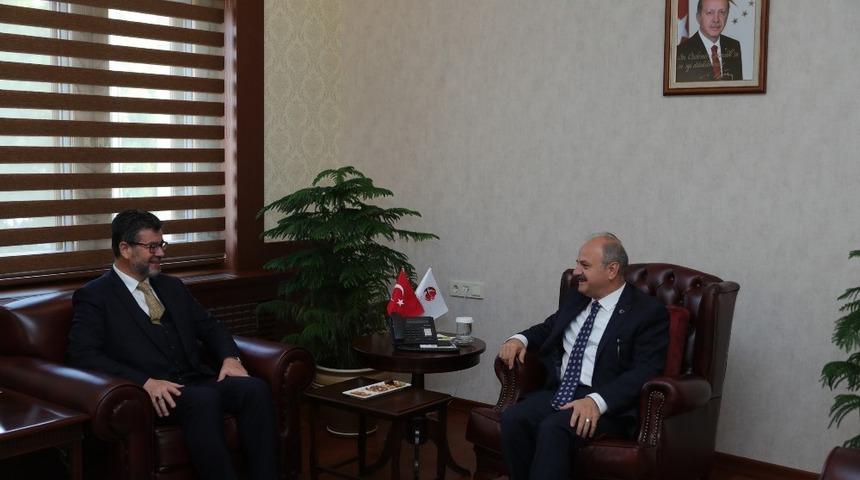 Vali &Ccedil;akacak, Ramazan Muslu&rsquo;yu kabul etti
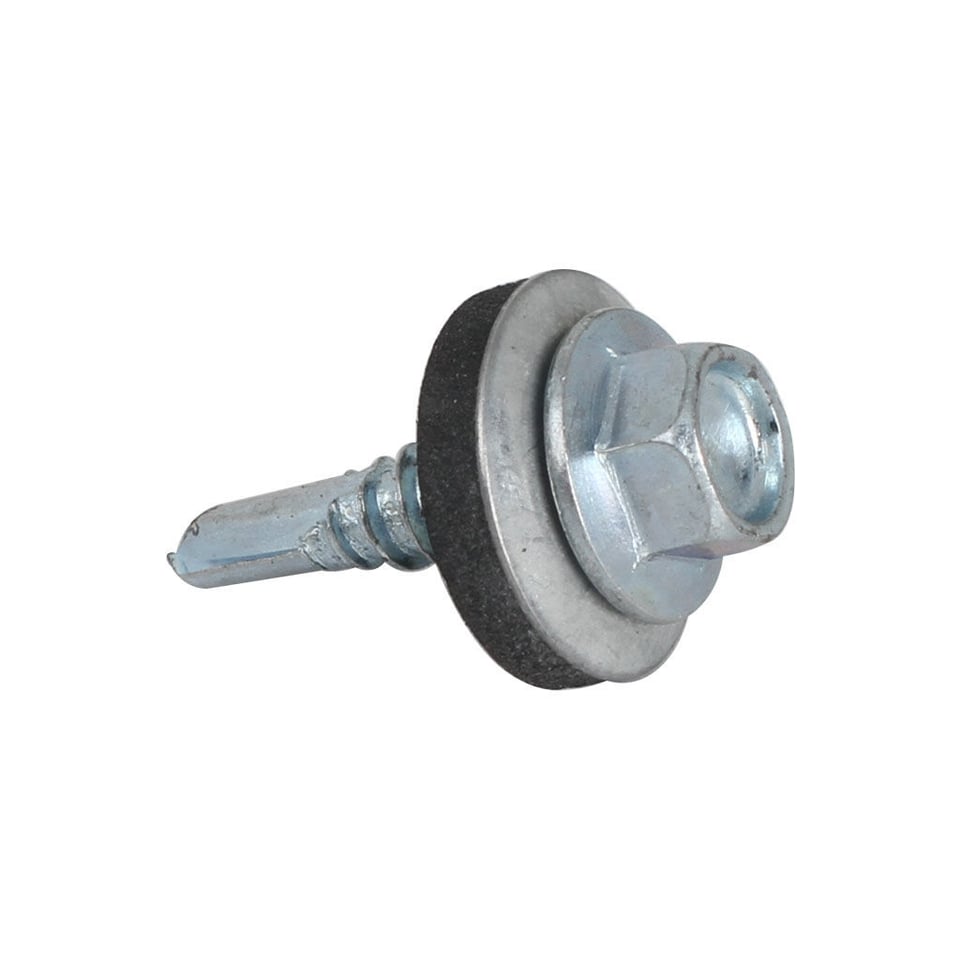 თვითმჭრელი ხრახნი რკინისთვის(უფერო) 5.5X19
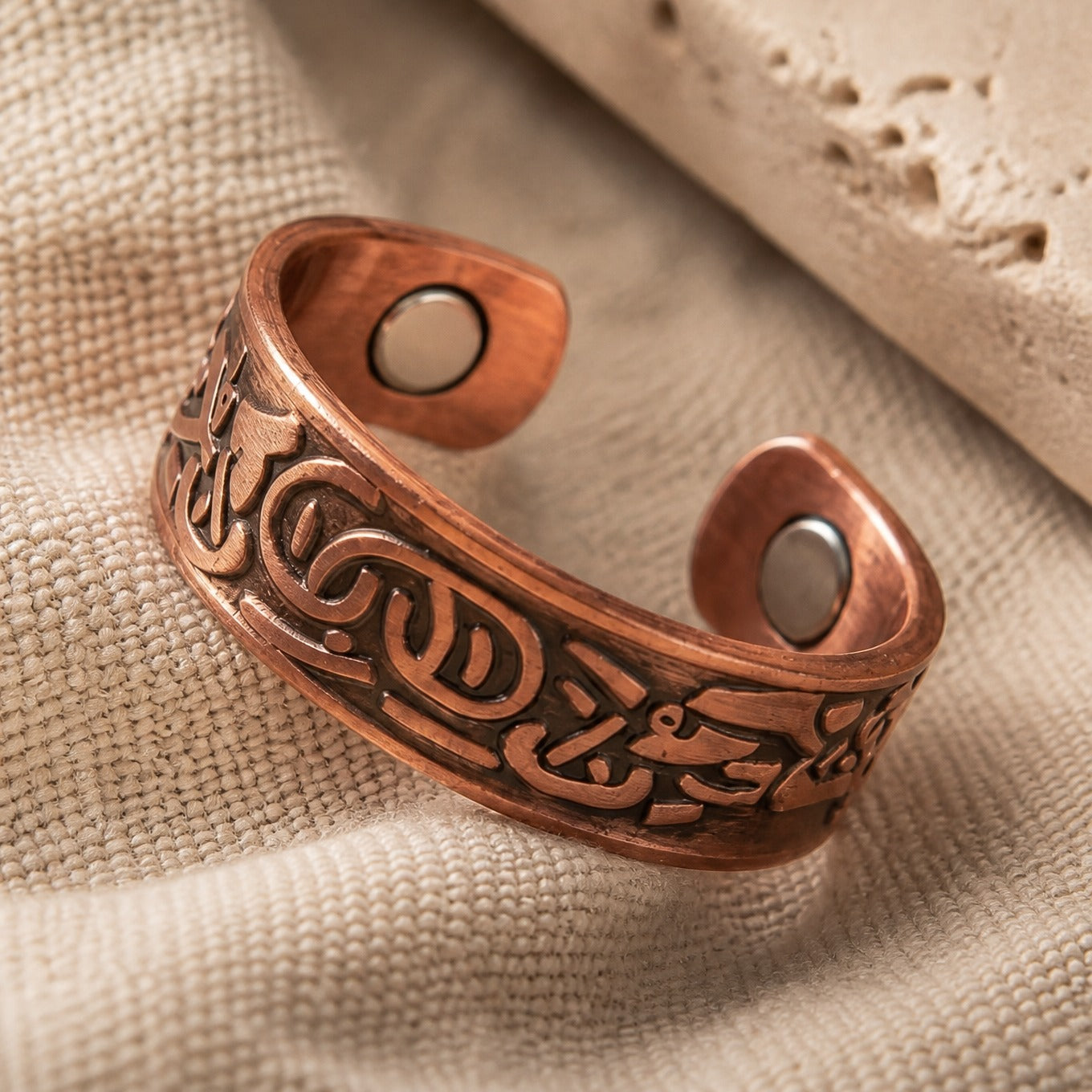 Burr Elegance Copper Band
━━━━━━━━━━━━━━━━━━━━━━━━━━━━━━
Skipping the images, write out the whole listing exactly.

 Vali &Ccedil;akacak, Ramazan Muslu&rsquo;yu kabul etti
 თვითმჭრელი ხრახნი რკინისთვის(უფერო) 5.5X19
 Burr Elegance Copper Band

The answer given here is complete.